Digitalization is an interesting phenomenon: despite its technological groundings it clearly points to non-technological innovation potential (Jeannerat & Crevoisier, 2011). Through digitalization, brand building is becoming a dialectic and participatory approach where managers are said losing their control over brands (Ind, 2015). Digitalization can nowadays be regarded as a megatrend which results that both brand building and brand management must adapt to new challenges (Wiedmann, 2015). One of its effects is the growing customer engagement in business, marketing and branding activities, which is increasing to an extent that Boyd et al. (2014) call customer engagement a norm in today’s marketplace. Indeed, brands need to become agile in order to adjust to changing situations (Lusch & Vargo, 2006), but it is not plausible to expect them to develop without brand or marketing management interference. The brand development and brand management scholars and practitioners this development situates in front of a dilemma: how to positively acknowledge societal changes without simply adjusting to the customer demands and how to integrate brand development in the management practice (Wiedmann, 2015)? Ignoring the customers is risky, as it can lead to a dissonance between what managers think customers do, and the reality how they use and build brands (Ind, 2014). These challenges implicate digitizing as a resource for innovative brand development processes with potential for value creation. Most studies on cocreational opportunities for value creation are conducted from the perspective of single companies. Research on digitalization from a multistakeholder perspective is needed (Ramaswamy & Ozcan, 2016). This chapter scrutinizes digitizing as a resource for innovative brand development processes in the tourism sector, which enables a multistakeholder perspective on the topic. The chapter discusses brand development with the help of two tourism destinations consisting of a number of companies with one shared brand: Christmas. The destination brand ownership is distributed among many interests and so differs from brands owned by individual companies. Destinations, consequently, offer a fresh perspective on the study of digitalization as a resource within co-creative brand development.

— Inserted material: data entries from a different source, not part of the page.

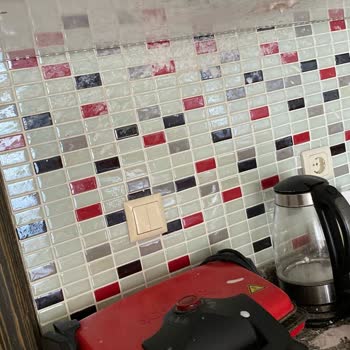 Aldığım Kefir Patlayarak Mutfağıma Zarar Verdi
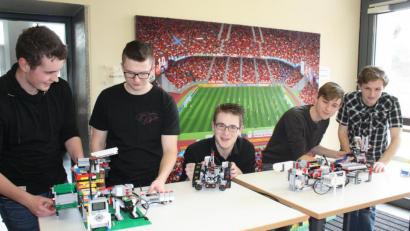 Bild: lg
Beim Schnuppertag des Ortenburg-Gymnasiums stellten die Schüler des Seminars Robotik den Besuchern ihre "Roboterkonstruktionen" vor.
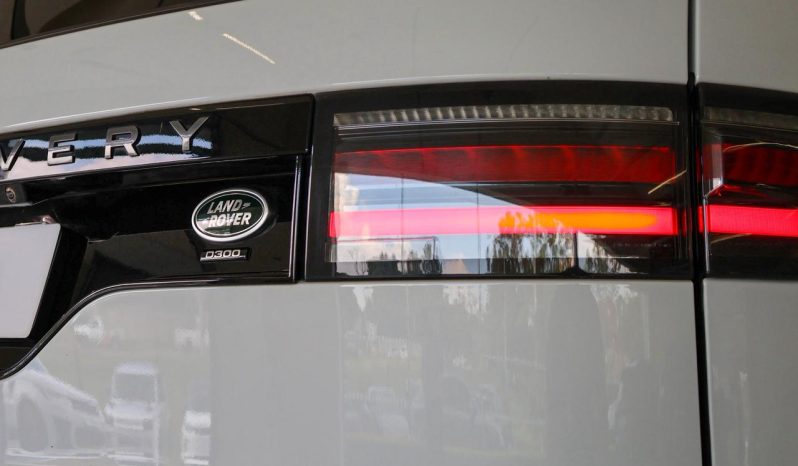 
								Land Rover Discovery 3.0 D R-Dynamic Se (221kW) full									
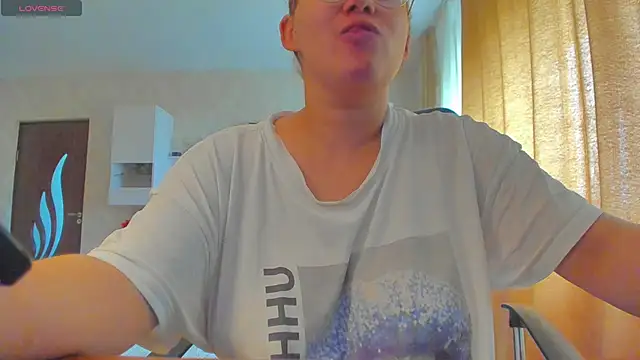 hot evil queen online show from 10-14-25, 10:49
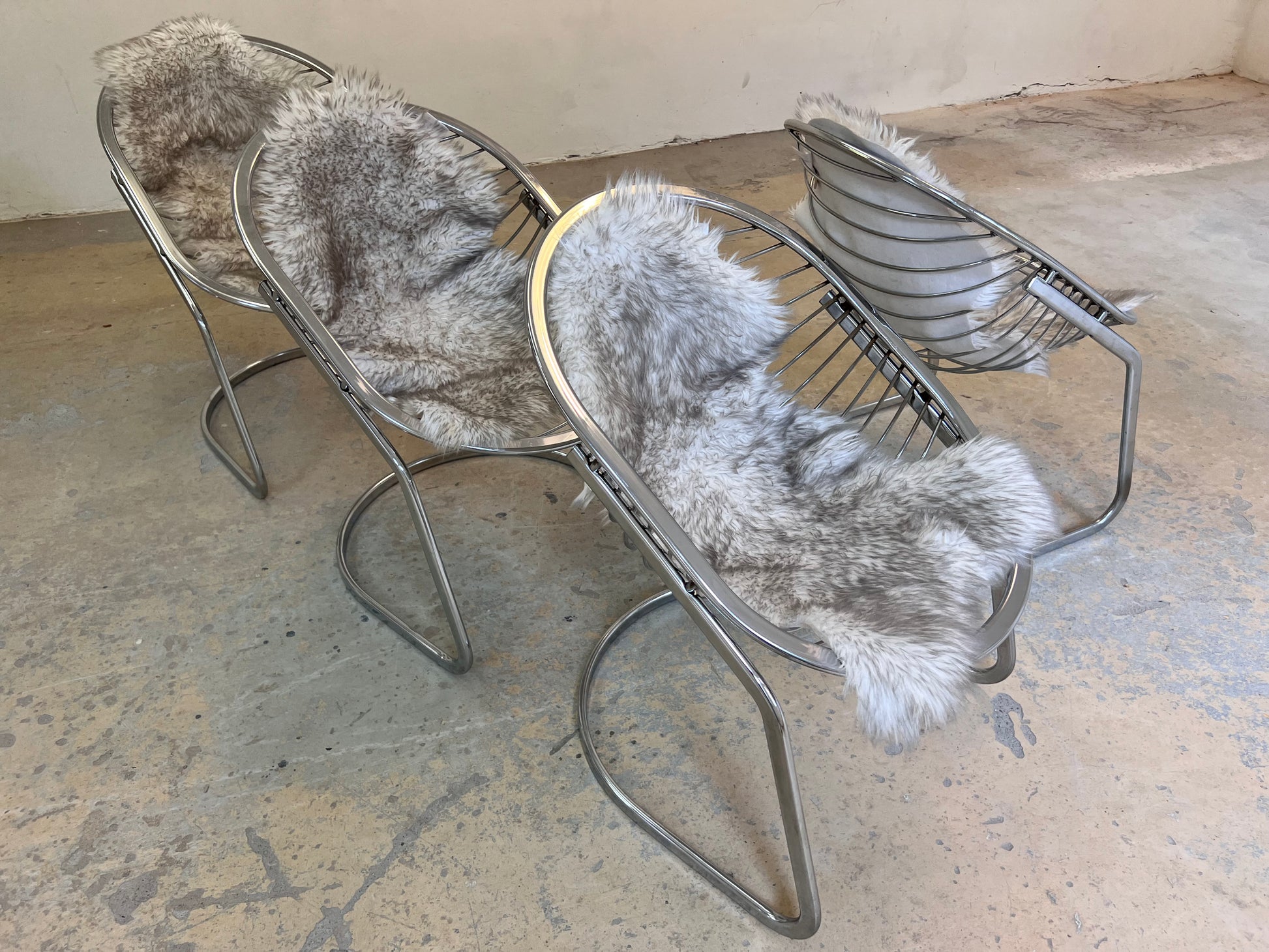 Freischwinger Modell Egg Chair mit Fell von Gastone Rinaldi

In the tourism sector, several forms of customer engagement have become more important than ever. Digitalization provides several channels over which customers can share their experiences of products and services with others. Digitally shared experiences have important effects on the brand of the destination (Budeanu, 2013), as well as on product design and product development (Battarbee & Koskinen, 2005; Kozinets et al., 2008). The brand is an essential part of every marketing and business model (Moore & Birtwistle, 2004) having an effect on a business’s turnover and profitability. In this sense, brand development and product development become associated with each other in literature on management (e.g., See: Ambler & Styles, 1997). This chapter conceives brand development integral to product development.

Drawing from the resource-based view (RBV), this chapter examines how digitalization-based product development can contribute to a sustainable competitive advantage in form of destination brands. The study draws from two tourism destinations: Santa Claus, Indiana, USA, and Santa Claus Village Rovaniemi, Finland. The chapter starts by reviewing the presently available literature on digitalization, product development and sustainable competitive advantage, and by emphasizing the role consumers play in these processes. The subsequent section describes the methodology used, and the data section examines how the two destinations utilize digitalization to develop the Christmas brand. The proceeding section discusses how digitalization can contribute to value co-creation within the framework of RBV. The chapter concludes with a presentation of its findings.